Raw: Vigils Mark Tiananmen 25th Anniversary

Tens of thousands of people in Hong Kong and Taiwan attended candlelight vigils to commemorate the 25th anniversary of China’s bloody military suppression of protests in Beijing’s Tiananmen Square. (June 4)

SHOTLIST:

AP TELEVISION – AP CLIENTS ONLY

Hong Kong – 4 June 2014

++NIGHT SHOTS++

1. Zoom out of crowd attending candlelight vigil for the 25th anniversary of the Tiananmen Square crackdown

2. Pan across crowd holding candles

3. People holding candles

4. Organisers of vigil, including Hong Kong legislator Lee Cheuk-yan, carrying wreath and laying it at foot of replica of the “Goddess of Democracy” statue

5. Replica of “Goddess of Democracy” statue

6. Vigil organisers and young people bowing to statue and monument after wreath was laid

AP TELEVISION – AP CLIENTS ONLY

Taipei, Taiwan – 4 June 2-14

7. Candlelight vigil for the 25th anniversary of the Tiananmen Square crackdown

8. Supporters on stage holding pictures of Chinese activists who have been detained by China government

9. Crowd during vigil

STORYLINE:

Tens of thousands of people in Hong Kong and Taiwan attended a candlelight vigil on Wednesday to commemorate the 25th anniversary of China’s bloody military suppression of protests in Beijing’s Tiananmen Square.

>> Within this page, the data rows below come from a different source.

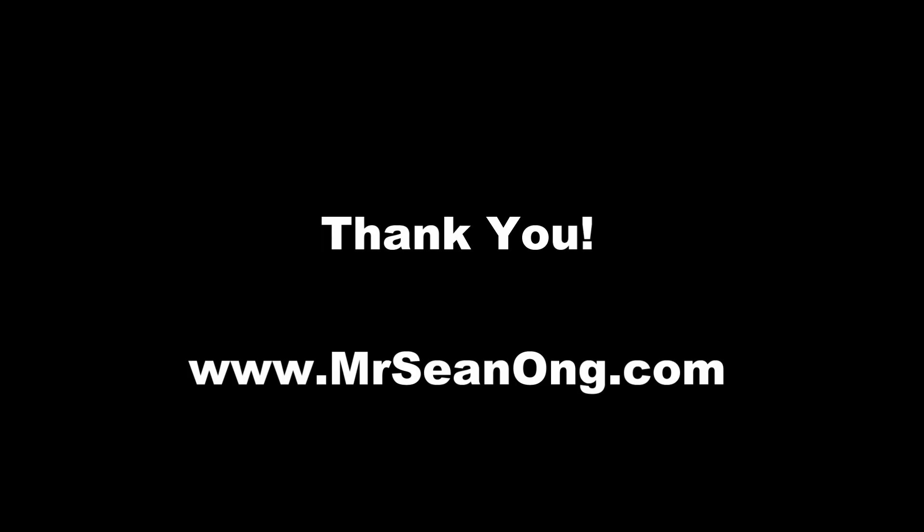Thank you very much for watching. If you like this video, be sure to hit the like button and subscribe, and also check out my website mrseanong.com.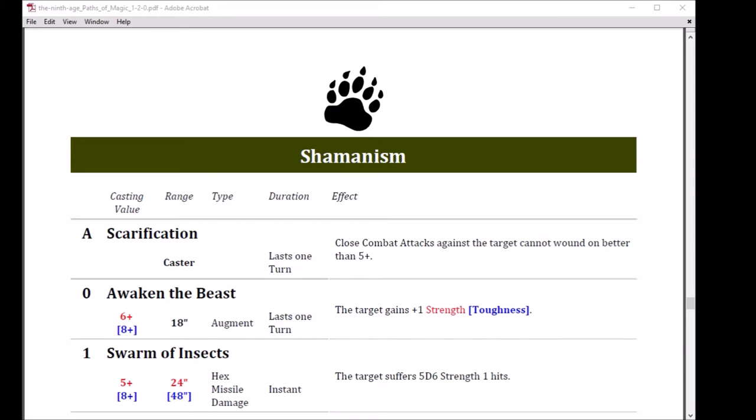So, this path has an attribute and a level 0 spell. The attribute is Scarification. That goes along with Shaman, yes. It is on the caster only, lasts one turn. Close combat attacks against the target cannot wound on better than a 5.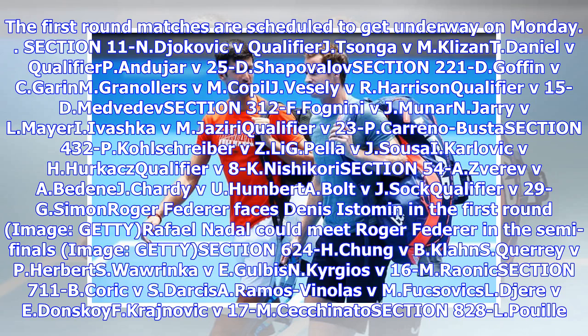Section 11: Djokovic v. Qualifier, Sunga v. Klesent, Daniel v. Qualifier, Anduhar v. 25D, Shapovalov v. C. Garim, Granoires v. M. Kopel, Fesely v. R. Harrison, Qualifier v. 15D.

In Hong Kong, participants held candles to remember the victims, turning Victoria Park’s six football fields into an ocean of flickering light.

More than 180 thousand people joined the gathering, according to organisers, while police put the crowd size at almost 100-thousand, one of the largest turnouts for the annual event in recent years.

Democracy activists laid a wreath at a makeshift memorial as they read out the names of those who were killed in the military suppression in 1989.

The crackdown killed hundreds, possibly thousands, of unarmed protesters and onlookers.

In Hong Kong, which retains Western-style civil liberties unseen on the mainland, the memory of the Tiananmen protests reinforces the widening differences with China 17 years after the territory ceased to be a British colony.

Another vigil was held in Taiwan’s capital city, where supporters held pictures of Chinese activists who were detained by Beijing before the anniversary, calling for their safe release soon.

Wu’er Kaixi, one of the exiled student leaders who has been living in Taiwan after escaping the crackdown, asked people to keep supporting them in their fight for democracy.

Supporters lit candles and watched on a projector the recorded speech of Wan Dan, another exiled student leader, who said he will keep working to bring justice to those who were killed in the crackdown.

The protests remain a taboo topic in mainland China, and Beijing has never given a full account of what happened during the crackdown, or its human toll.